Members of the committee and Mr. Chairman, I'd like to thank you for this opportunity to chat with you. I really appreciate it.
I guess we can just jump right into it.
Concerning Bill C-21, there are some provisions in this bill—or maybe the motivation behind them—that our group can support. The reason I say that is we want a safer Canada too. In fact, I might add that we share a lot of the same safety concerns as a lot of the individuals and groups that you've heard from in this committee so far as well.
For example, we support revoking the licence of those who are guilty of domestic violence or those who are subject to a protection order, granted that the order was proven and justified. That's really important because, obviously, we don't want innocent people being caught up in a new system like that. We support those kinds of things because they just make sense.
We obviously don't want the wrong people being able to legally buy guns—although, in my experience, that and a lot more already happen. Currently, anyone can contact the police at any time if they have a safety concern involving firearms. It's taken very seriously and the police have the legal ability to search and seize almost anything, depending on the level of concern they have for public safety. You've heard that before. You're not hearing that from me for the first time.
There are other provisions in the bill that, of course, are absurd. I think most people realize that already.
There's a new charge for modifying a cartridge magazine. It's already a very serious criminal offence to be in possession of a cartridge magazine that can contain more than the prescribed number of rounds. The possession offence is the only one you could ever really prove anyway, unless you caught someone with a prohibited cartridge magazine in one hand and a file or a drill bit in the other. Plus, you can 3-D print magazines. That provision really doesn't serve any practical public safety purpose.
Another example, unfortunately, is raising the maximum penalty for firearms trafficking from 10 to 14 years. I'm not aware of anyone—ever—who got 10 years for firearms trafficking. I don't know that, because I haven't been on CanLII for days on end, but I have just never heard of that. I have heard a lot to the contrary, and you guys have heard that as well from law enforcement professionals. That measure ends up being a little bit meaningless too.
When I look at those two measures it just says to me that these are opportunities for tough-on-crime talking points. I just don't think there's a place in legislation for that kind of stuff. It's a bit of a concern.
We're most concerned about the handgun ban. I understand the limitations of this committee process and why we're here. I will just offer a little bit of perspective and we can talk about the provision after that.
To say it simply, the handgun ban is unjustified. The committee heard some great information in this process and, obviously, some blatant misinformation. You've heard from numerous active duty law enforcement personnel that the ban on handguns of licensed individuals will have no meaningful benefit to public safety. Here's a quote from the Canadian Association of Chiefs of Police:
We believe that a handgun freeze is one method of reducing access to these types of firearms, while allowing existing law-abiding handgun owners to practice their sport.
That's fair enough. They continued:
However, we continue to maintain that restricting lawful handgun ownership will not meaningfully address the real issue....

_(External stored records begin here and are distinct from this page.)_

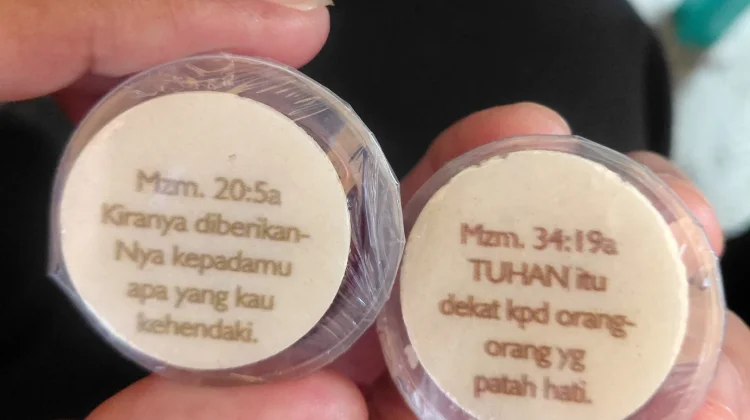 Mengenal Hosti, Roti Perjamuan dalam Ibadah Umat Kristen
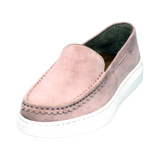 Moccasin pink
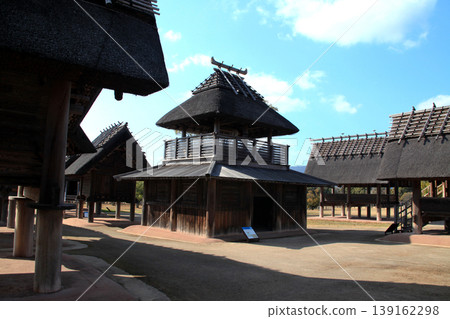 佐賀縣的吉野裡歷史公園是一個旅遊景點,遊客可以在這裡體驗和了解彌生時代的氛圍。 佐賀縣的吉野裡歷史公園是一個旅遊景點,遊客可以在這裡體驗和了解彌生時代的氛圍。 139162298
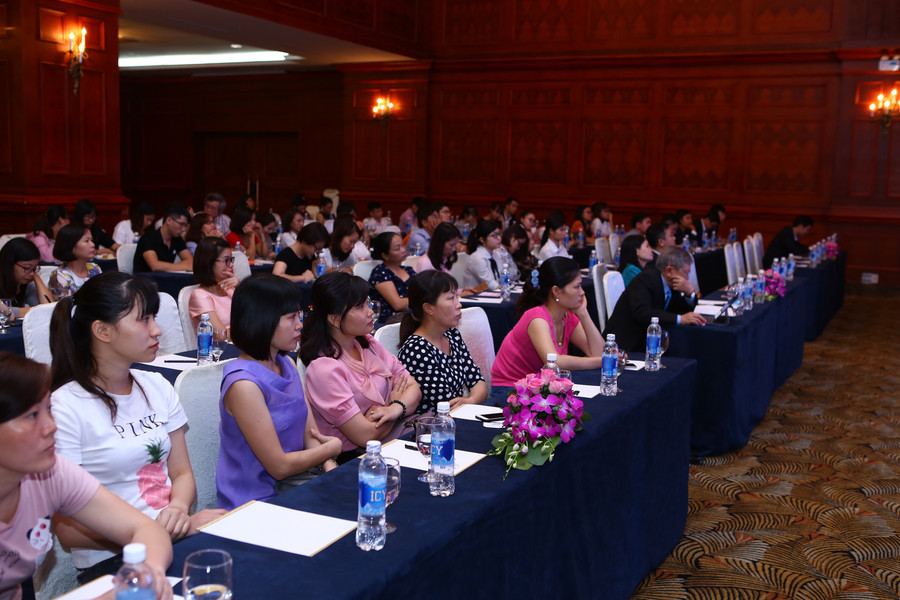 Hội nghị với sự tham dự của hơn 100 bác sĩ và nhân viên y tế tại TP Hà Nội. Hội nghị với sự tham dự của hơn 100 bác sĩ và nhân viên y tế tại TP Hà Nội.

They go on to talk about gangs and other criminal activity. That's right from the Association of Chiefs of Police.
You've heard numerous retired members of law enforcement say essentially the same thing. You've heard from an exceptional criminal defence lawyer that the handgun ban won't change the behaviour of criminals or the level of access they have to illegal firearms. You've heard from sport shooting organizations that the ban will hurt them in the short term and extinct them in the medium term.

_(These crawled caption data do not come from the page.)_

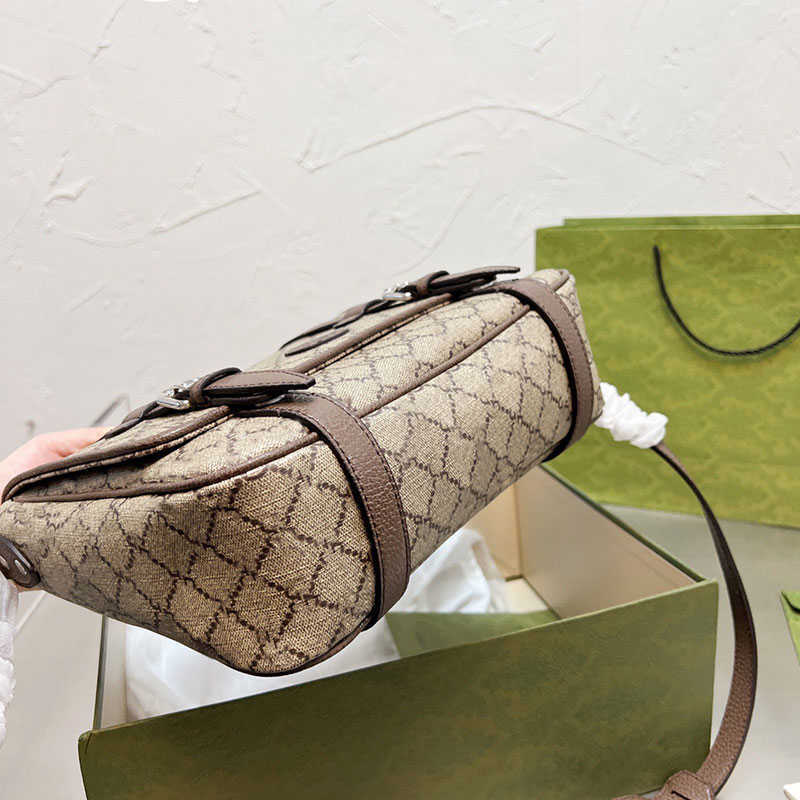 Messenger Bags Postman Handbag Purse Canvas Classic Letter Print Genuine Leather High Quality Man Shoulder Crossbody Bag, 88
Messenger Bags Postman Handbag Purse Canvas Classic Letter Print Genuine Leather High Quality Man Shoulder Crossbody Bag, 88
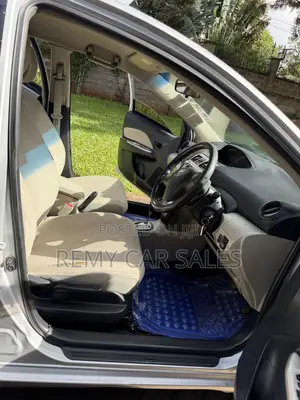 Toyota Belta 2008 Silver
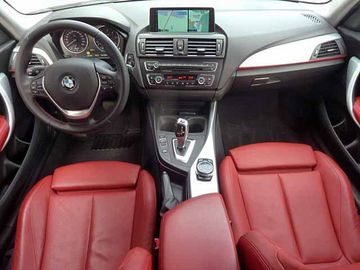 BMW 118 - 10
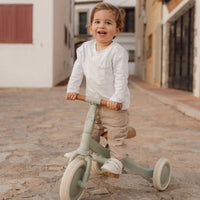 jongen op fiets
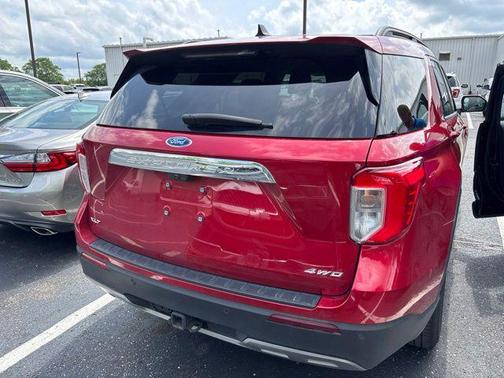 Rapid Red Metallic Tinted Clearcoat 2024 Ford Explorer XLT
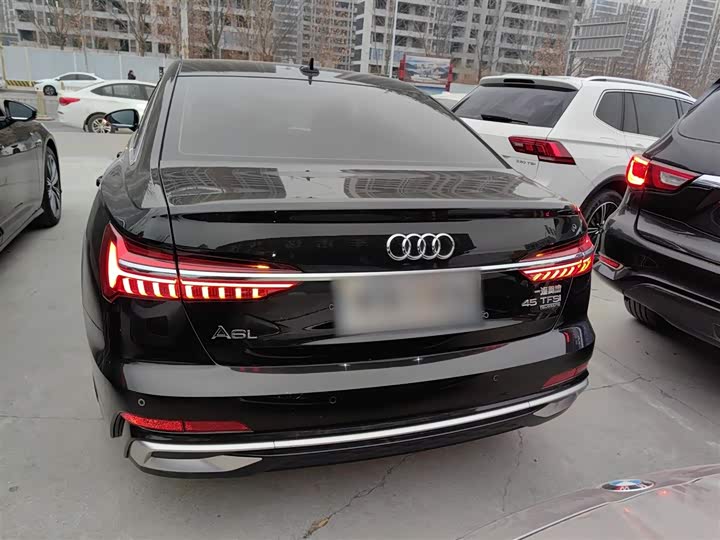 Фото 6 - Audi A6L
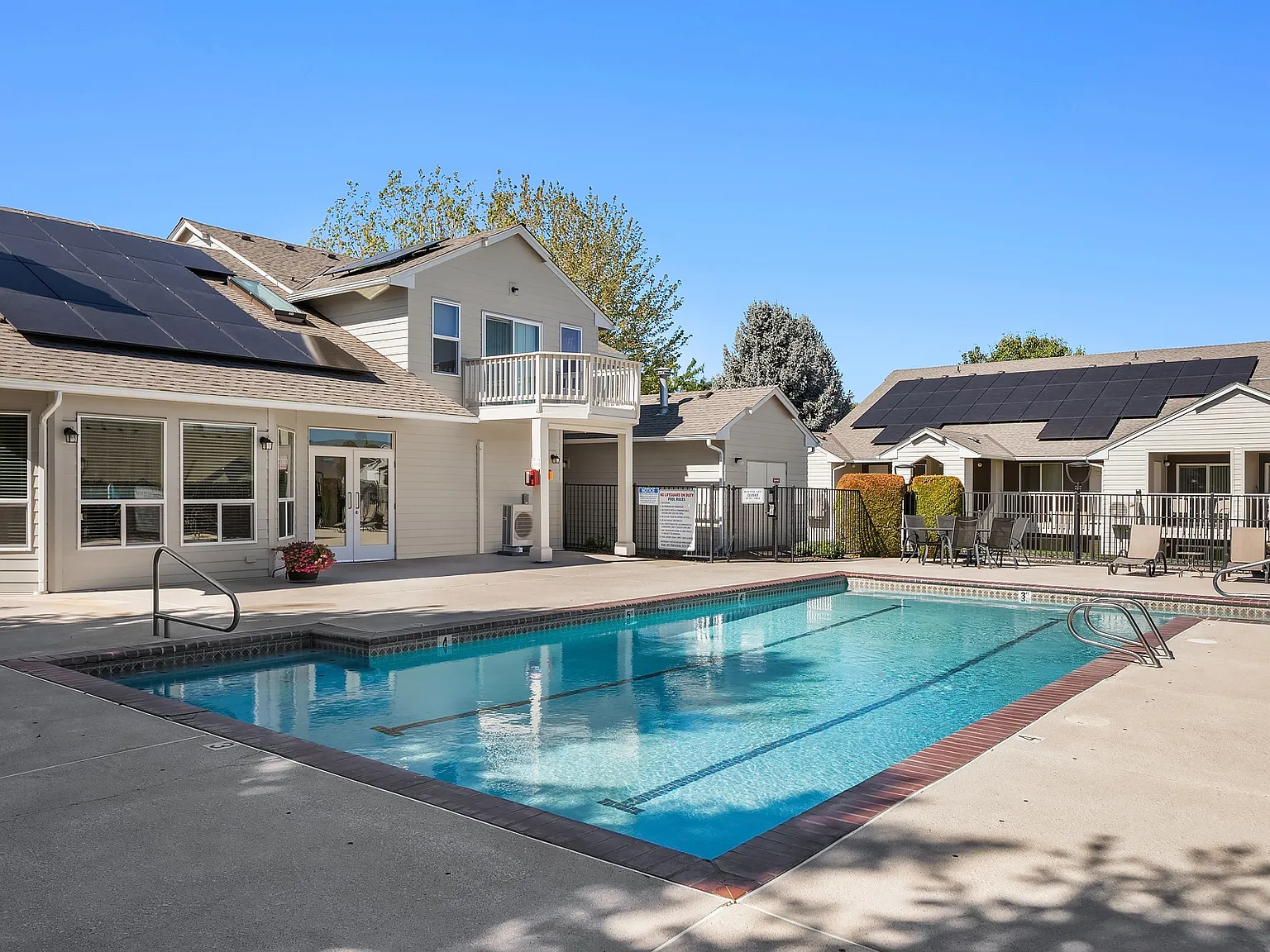 Englewood Garden Villas — Photo 2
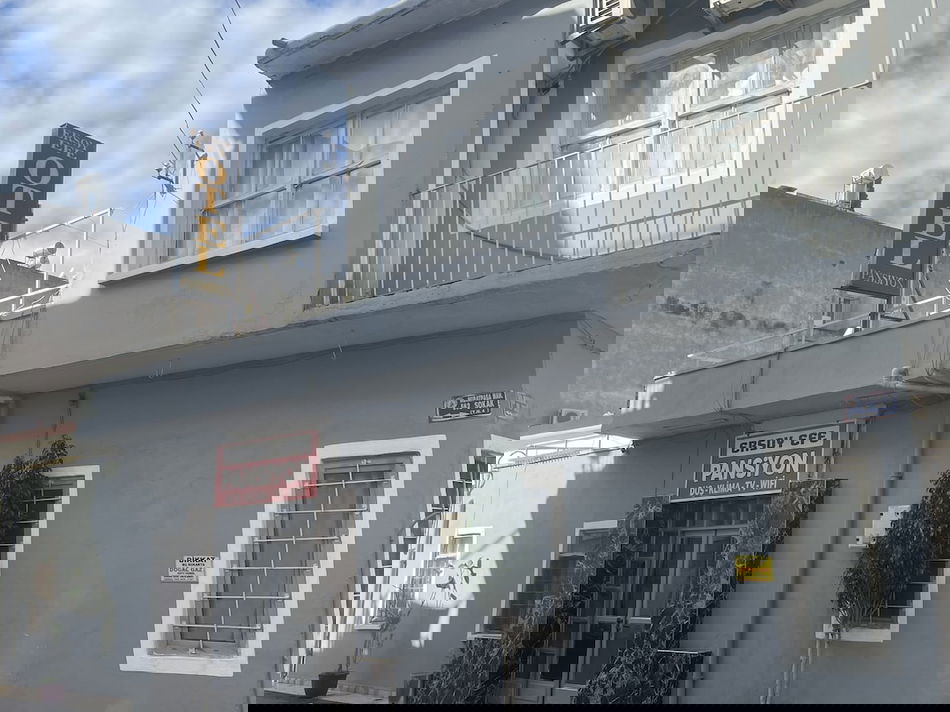 Primary image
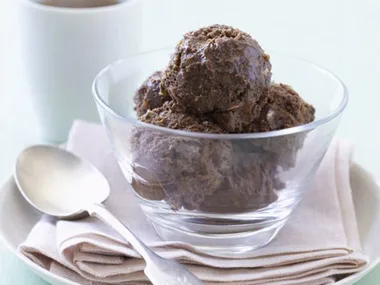 CHOC-PEANUT BOMBES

You've heard from gun owners that their property will be taken from them for no fault of their own whatsoever, and that their identity and culture is repugnant and there's no place in Canada for them. I would suggest that law-abiding, licensed firearm owners are deserving of respect and they're just as entitled to their place in Canada as anyone else, as outrageous as that might sound.
For those who don't own guns, the nuclear option of gun bans sounds reasonable only because it's predicated on the idea that handgun ownership is some frivolous, self-centred and unnecessary hobby and that it ought to just be swept away, along with the 650,000 people that are licensed to own handguns in Canada.
I'll tell you, that does not align with reality at all. Therefore, I don't envy you for having to deal with a bill like this. I would ask that you explore other options to mitigate the illegal handgun problem—which we all can see very plainly—before supporting a ban that affects only those who comply with the law.
I appreciate your time and I'd be happy to answer any questions.